Wednesday, November 15, 2006

Another Quasimodo

I’ve managed to translate another Quasimodo poem, but not one of his pre-war efforts. This is post-war, that hint of ever-present doom within the pastoral scene, and yet...

Almost a Madrigal

The sunflower bends to the west
and the day already accelerates
to ruin within its eye and the summer air
thickens and already twists the leaves and the smoke
of building sites. Everything recedes with the dry
flow of clouds and screech of lightning –
the sky’s final trick. Again,
as ever, my dear, we are struck by the change
in trees cramped within the circle
of canals. But it is still our day
and still that sun, which departs
with the thread of its tender ray.

I no longer have memories, I do not want to remember;
memory rises again from death,
life is without end.

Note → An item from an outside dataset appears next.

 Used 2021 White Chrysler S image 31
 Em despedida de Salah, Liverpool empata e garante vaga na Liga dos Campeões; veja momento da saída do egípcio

Each day
is ours. One will stop forever,
and you with me, when it seems late to us.
Here on the canal’s bank, feet
swinging, like children,
we watch the water, the nearest branches
in its shade of darkening green.
And the man who approaches in silence
does not conceal a knife in his hands,
but a geranium flower.

3 comments:

Hedgie said...

This is very fine work. I think you're really on to something with these translations.

Marion McCready said...

Interesting poem, congrats on an obviously very competent translation.

Rob said...

Thanks, hedgie and sorlil.

I was in a secondhand bookshop a couple of days ago and, astonishingly, picked up Quasimodo's 1947 "Giorno dopo Giorno" collection - the original Italian version, reprinted in 1960 to celebrate his Nobel win.

The book is packaged inside a plastic film with a big 'Nobel 1959' ribbon inside. It cost me only £3!